## GIVEN DATA
= = = = =

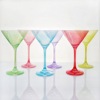 Tall -legged Champagne Cup Triangle glass glass high -value champagne tower Dream glass champagne cup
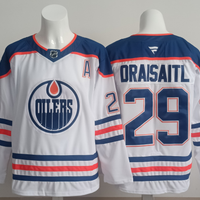 Men's Edmonton Oilers Leon Draisaitl #29 White Premium Player Jersey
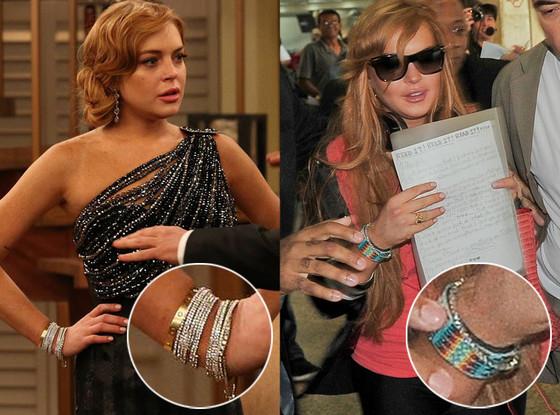 Lindsay Lohan, Anger Management, Rio, lindsay lohan stole bracelet anger management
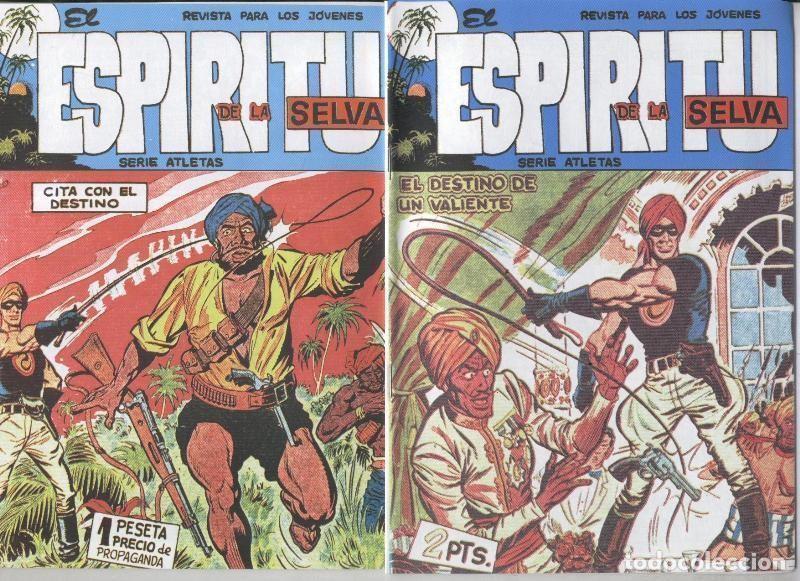 C&oacute;mics: El Espiritu de la selva, coleccion facsimil - Manuel Lopez Blanco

= = = = =

## TASK DETAILS
Your task is to quote exactly the lines from the one with "Men's Edmonton Oilers" through the end of the material, both included, without reproducing any pictures.

## WRITTEN ANSWER
 Men's Edmonton Oilers Leon Draisaitl #29 White Premium Player Jersey
 Lindsay Lohan, Anger Management, Rio, lindsay lohan stole bracelet anger management
 C&oacute;mics: El Espiritu de la selva, coleccion facsimil - Manuel Lopez Blanco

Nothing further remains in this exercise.